Un calendrier trop chargé

C'est un problème avant tout "structurel", juge d'emblée François Trillo en citant pour exemple le cas de Wesley Fofana qu'il qualifie de "perle" au début de sa carrière. Le joueur de Clermont et de l'équipe de France a connu de nombreuses blessures dues notamment, selon François Trillo, au fait de "jouer sur trois tableaux avec l'équipe de France, le Top 14 et la Coupe d'Europe". 

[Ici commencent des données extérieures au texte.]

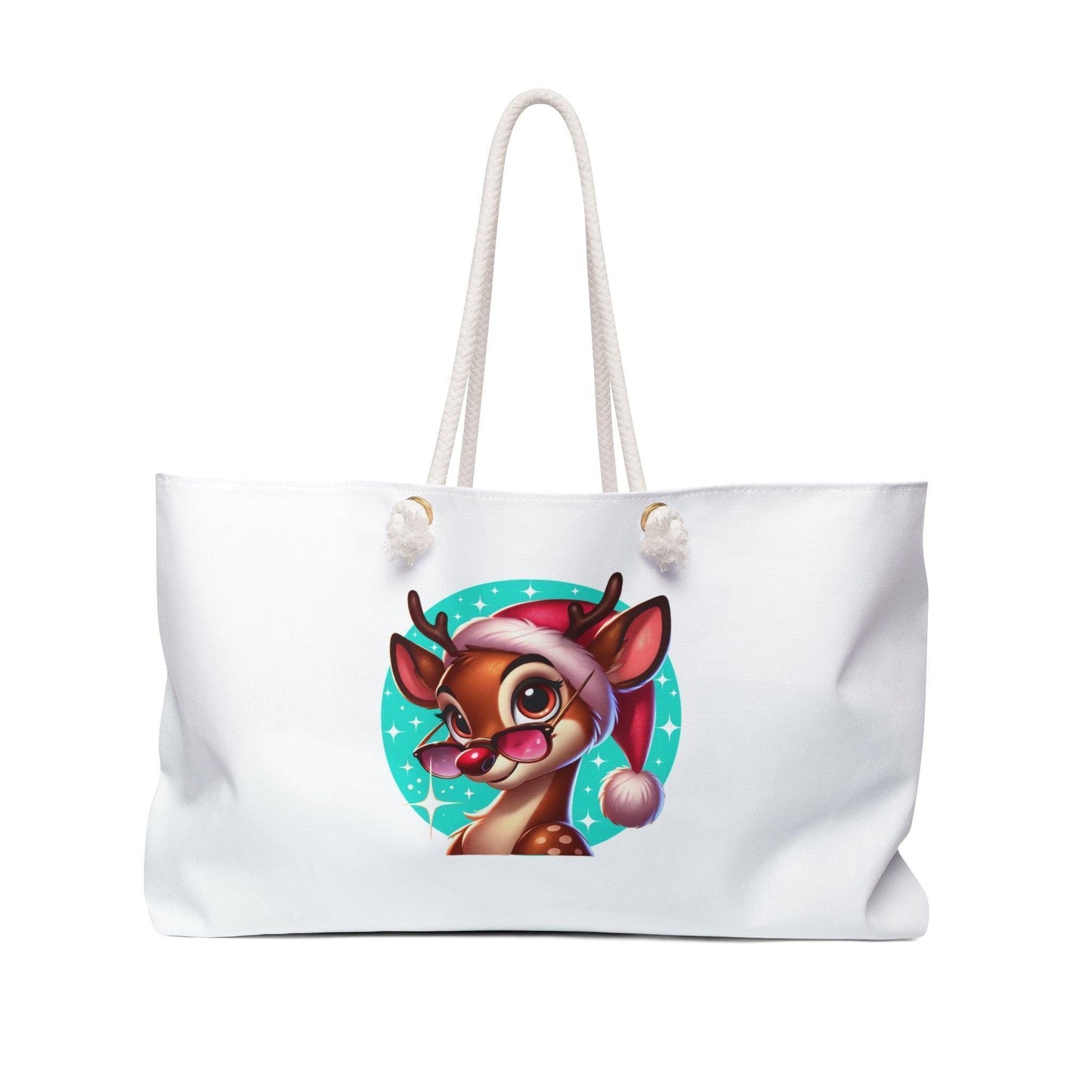😎 Reindeer Cool 😎 Weekender Tote Bag ✨ Stay cool and carry on! - Whippie's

Le champion de France 1991 avec Bègles poursuit son argumentaire en fustigeant le "calendrier et la "cadence", qui empêchent de "permettre aux talents de s’exprimer". Illustration de ce calendrier chargé, la saison de Top 14 comporte vingt-six matches de phase régulière, sans compter la phase finale. Le "Super Rugby", championnat le plus compétitif regroupant des franchises néo-zélandaises, australiennes et sud-africaines comporte seize matches, plus trois matches de phases finale (quart, demies et finale), soit une dizaine de moins.

Les jeunes qui arrivent, un rayon de soleil dans le marasme actuel

Rassurons-nous, il y a des motifs d'espoir ! Consultant pour Europe 1, Eric Blanc rappelle l'excellent niveau de la jeunesse en train d'éclore. Double championne du monde, l'équipe de France U20 amène en effet un rayon de soleil dans le marasme rugbystique actuel. "Je pense que cette équipe de France pour 2023 avec ces doubles champions du monde [...], il y a une meilleure organisation et je sens émerger une nouvelle génération."  

"Nous avons déjà basculés sur 2023", estime Éric Blanc en regardant les nombreux "jeunes joueurs emmenés à la Coupe du monde" au Japon. Avant d'organiser l'édition 2023, la Fédération française avait pour objectif en 2019 d'accéder en quarts. Mission accomplie, donc. Au moins sur le papier.